* **What to work on**:
Please reproduce the listing in full, exactly as given.

* **Recorded information**:

══════

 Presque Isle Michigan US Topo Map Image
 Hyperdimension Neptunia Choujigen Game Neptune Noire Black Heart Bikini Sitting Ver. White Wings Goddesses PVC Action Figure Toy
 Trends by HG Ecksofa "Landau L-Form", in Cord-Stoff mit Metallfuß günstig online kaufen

══════

* **Output for this task**:
 Presque Isle Michigan US Topo Map Image
 Hyperdimension Neptunia Choujigen Game Neptune Noire Black Heart Bikini Sitting Ver. White Wings Goddesses PVC Action Figure Toy
 Trends by HG Ecksofa "Landau L-Form", in Cord-Stoff mit Metallfuß günstig online kaufen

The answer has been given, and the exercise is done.